* _Exercise goal_
Within the entries below, output exactly the lines between the line containing "The Queen Red" and the line containing "Meeras by HZ", inclusive, and omit any picture.

* _Recorded information_

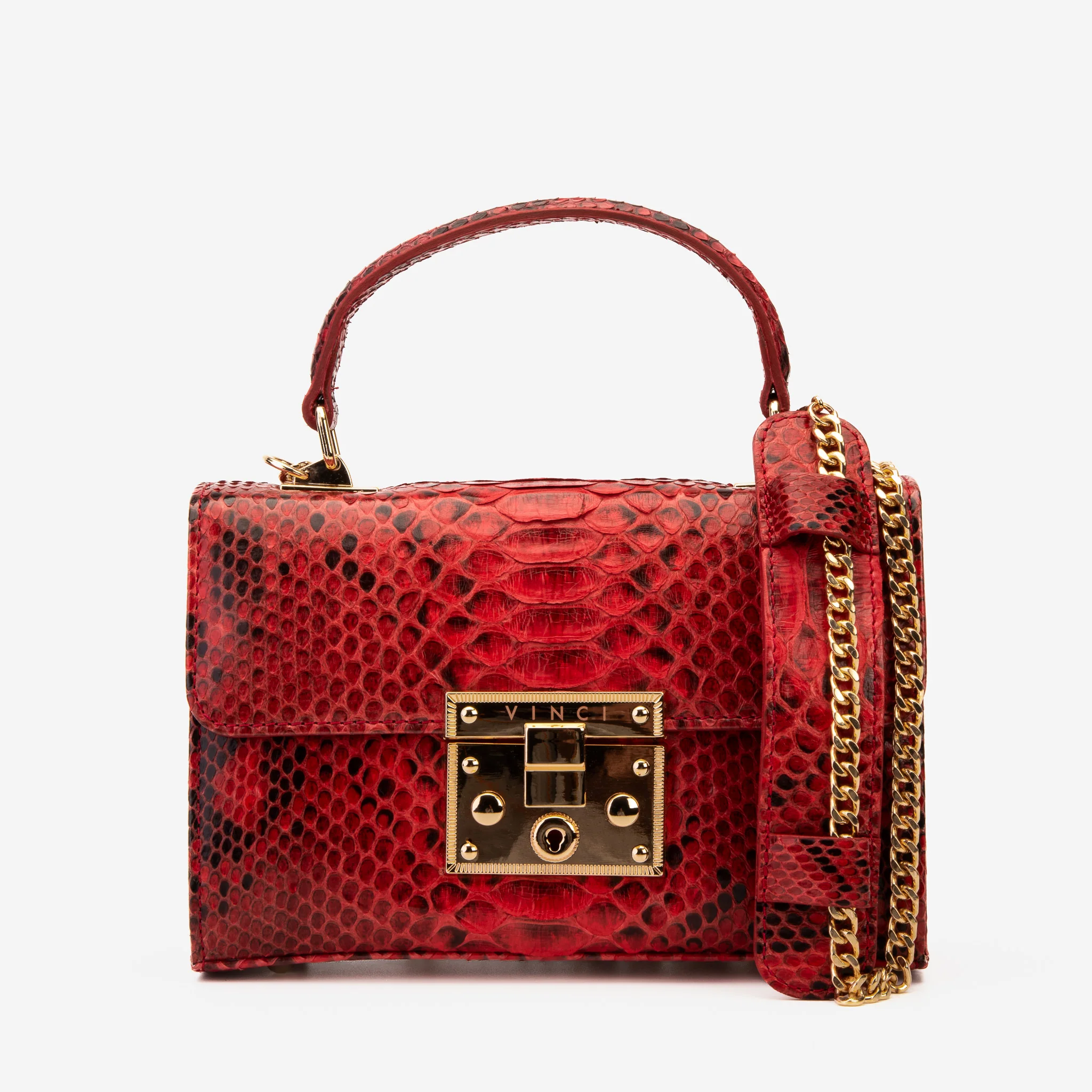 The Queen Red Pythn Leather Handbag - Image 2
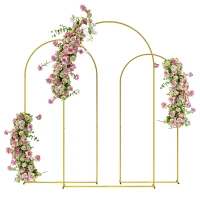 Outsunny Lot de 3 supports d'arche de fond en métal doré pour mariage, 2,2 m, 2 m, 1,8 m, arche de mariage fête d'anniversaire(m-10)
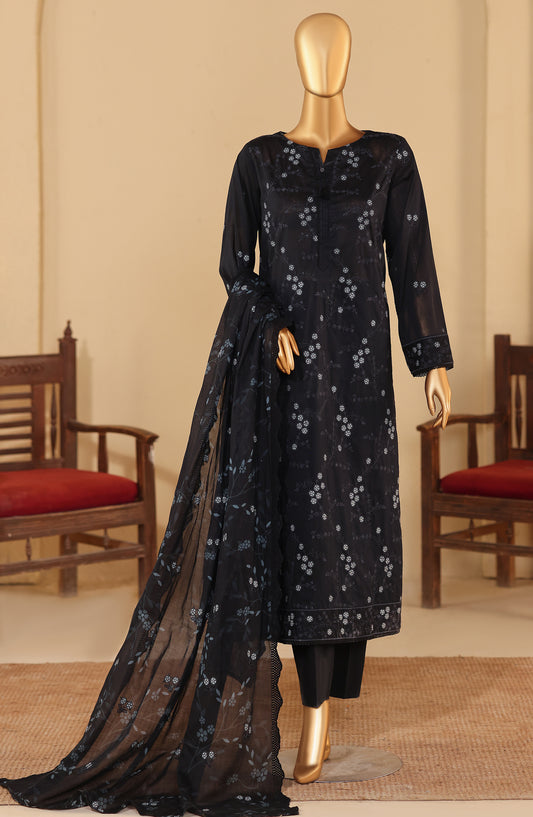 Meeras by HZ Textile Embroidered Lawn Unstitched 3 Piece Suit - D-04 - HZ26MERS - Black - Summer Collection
--
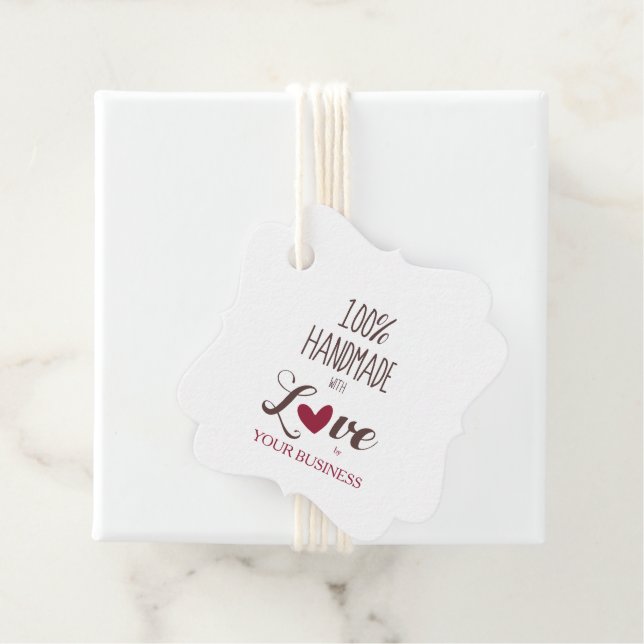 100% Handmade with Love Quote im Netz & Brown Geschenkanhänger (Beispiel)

* _Exercise solution_
 The Queen Red Pythn Leather Handbag - Image 2
 Outsunny Lot de 3 supports d'arche de fond en métal doré pour mariage, 2,2 m, 2 m, 1,8 m, arche de mariage fête d'anniversaire(m-10)
 Meeras by HZ Textile Embroidered Lawn Unstitched 3 Piece Suit - D-04 - HZ26MERS - Black - Summer Collection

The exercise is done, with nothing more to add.